到了美國才感覺到,一般的美國人說話比較“不講究”,語法不語法的,意思能表
達清楚了也就可以了。所以,說話也就漸漸地變得比較“隨便”,入鄉隨俗嘛。

第一次在電視上看美國總統辯論時,很為克林頓、老布什總統的口才傾倒,也很欣
賞當時的競選第三者,Ross Perot的德克薩斯口音與詼諧。政治家自然和商人及一
般人不同,領袖嘛,得有讓人佩服的地方。而2000年W布什與戈爾的總統競選辯論,
以及布什以後的白宮生涯,改變了這種看法,想不到,耶魯大學法學院畢業的美國
總統,不但頭痛“fuzzy math”,而且竟然經常使用“gummy grammar [拙劣的語法
]”,有些話簡直成了“經典”,常被引用,象下文中提到的“Is our children
learning?” 恐怕會讓國內教初級英文的老師笑掉大牙吧。

現在,又來了個競選副總統的州長佩林,新聞記者專業畢業,不但對過去8年的曆史
頭痛,設法避而不談,其在采訪、VP辯論中的表現/表演,更讓人捧腹、驚訝。

當年布什獲選的一個原因,據說是一些選民認為布什象是“他們”中的一個,可以
隨和到在一起喝啤酒。現在,又有人欣賞佩林的風度,說她象是個懂得柴米油鹽的
家庭婦女。一個可以與其一起喝啤酒的總統把美國領導到如今的地步,一個可以與
其聊家常的家庭婦女副總統會把美國領導出目前的境地嗎?

“We could, following her strenuously folksy debate performance, wonder
when elite became a bad thing in America. Navy Seals are elite, and they
get lots of training so they can swim underwater and invade a foreign country,
but if you’re governing the country that dispatches the Seals, it’s not
O.K. to be elite? Can likable still trump knowledgeable at such a vulnerable
crossroads for the country?”

在電視評論節目中見到過下文作者Maureen Dowd,話語不多,聲調不高,但言辭犀
利。不愧是普利策獎的得主。

有時候,得欣賞原文,原汁原味兒,尤其是這種諷刺有加的專欄文章。

OP-ED COLUMNIST
Sarah’s Pompom Palaver,By MAUREEN DOWD,Published: October 4, 2008

I had hoped I was finally done with acting as an interpreter for politicians
whose relationship with the English language was tumultuous.

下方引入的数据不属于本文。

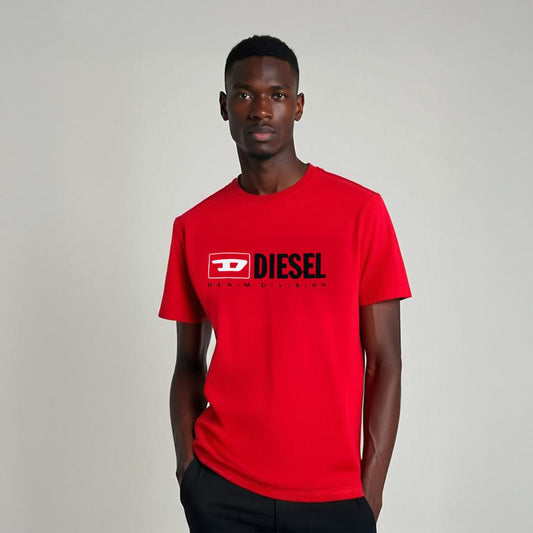 T-Shirt Homem Diesel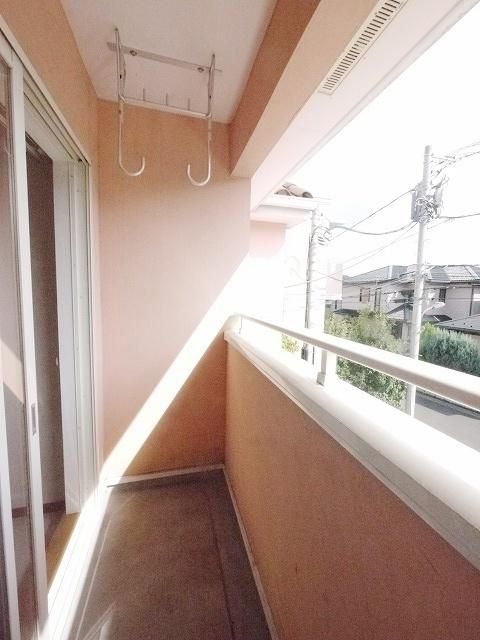バルコニー　★バルコニーです★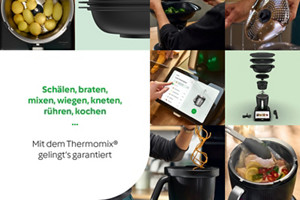 Thermomix® Funktionen & Modi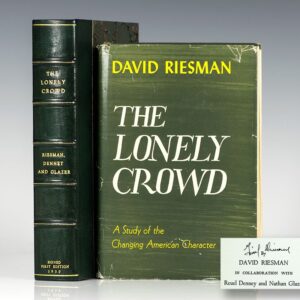The Lonely Crowd: A Study of the Changing American Character.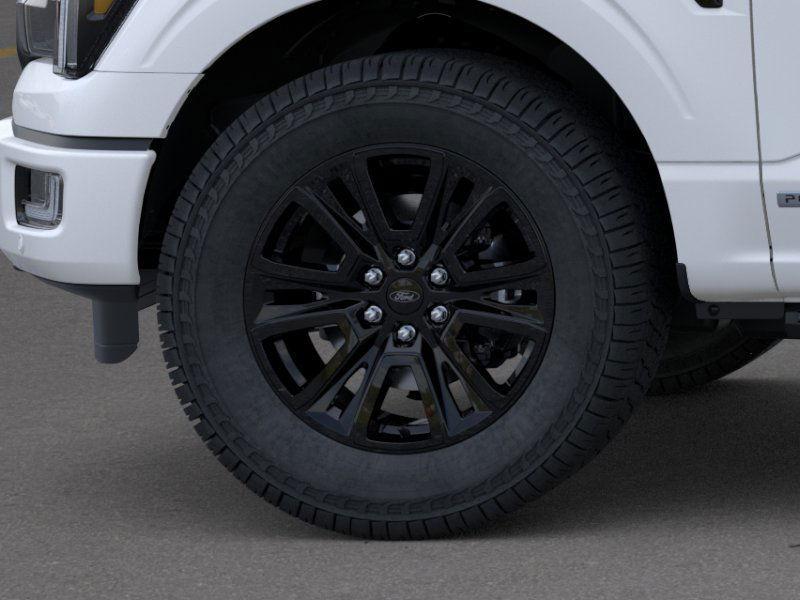 new 2025 Ford F-150 car, priced at $73,202
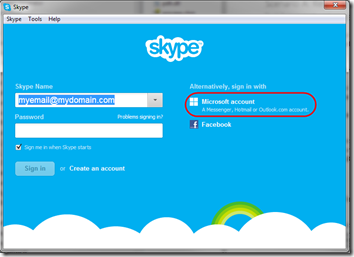 Skype 5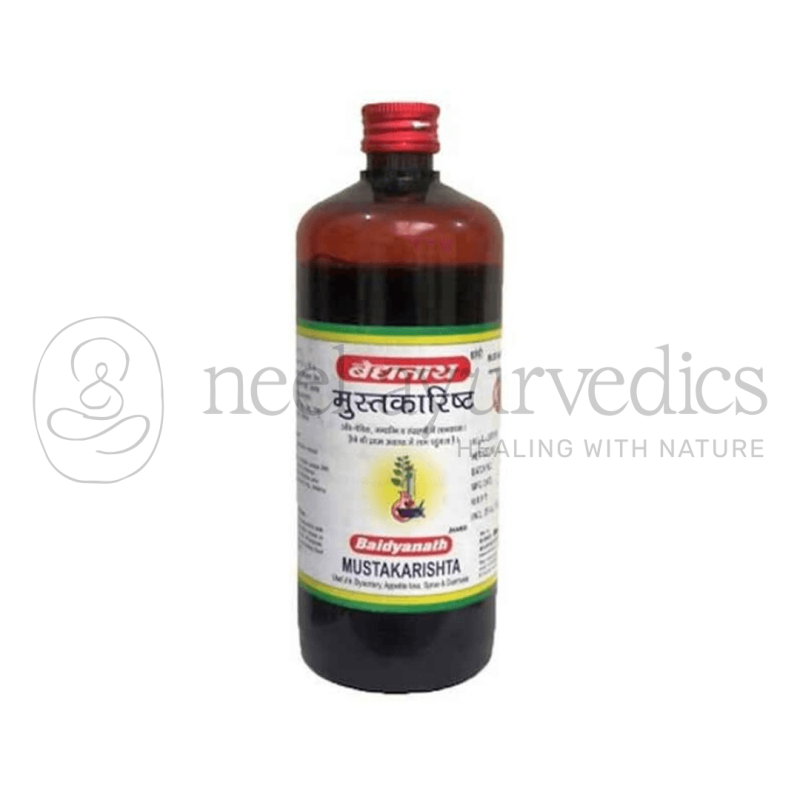 Baidyanath Mustakarishta – 450ml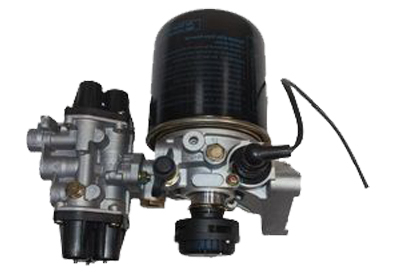 VALVULA APU COMPLETA SEM SOLENOIDE WABCO MB OF1315 1318 2635 1721 2318 1625 1618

There’s W.’s gummy grammar, of course, like the classic, “Is our children
learning?” And covering the first Bush White House required doing simultaneous
translation for a president who never met a personal pronoun he liked or a wacky
non sequitur he could resist.

Poppy Bush drew comparisons to Warren G. Harding, whose prose reminded H. L.
Mencken of “a string of wet sponges. ... It is so bad that a sort of grandeur
creeps into it.” When Harding died, E. E. Cummings lamented, “The only man,
woman or child who wrote a simple declarative sentence with seven grammatical
errors is dead.”

Being mush-mouthed helped give the patrician Bushes the common touch. As
Alistair Cooke observed, “Americans seem to be more comfortable with
Republican presidents because they share the common frailty of muddled syntax
and because, when they attempt eloquence, they do tend to spout a kind of
Frontier Baroque.”

Darn right. And that, doggone it, brings us to a shout-out for the latest
virtuoso of Frontier Baroque, bless her heart, the governor of the Last
Frontier. Her reward’s in heaven.

At Sarah Palin’s old church in Wasilla, they spoke in tongues. Maybe that’s
where she picked it up.

Hillary Clinton and John McCain ran against Barack Obama by sneering that their
prose was meatier than The One’s poetry. Sarah’s running against the
Democrat’s highfalutin eloquence by speakin’ in homespun haikus.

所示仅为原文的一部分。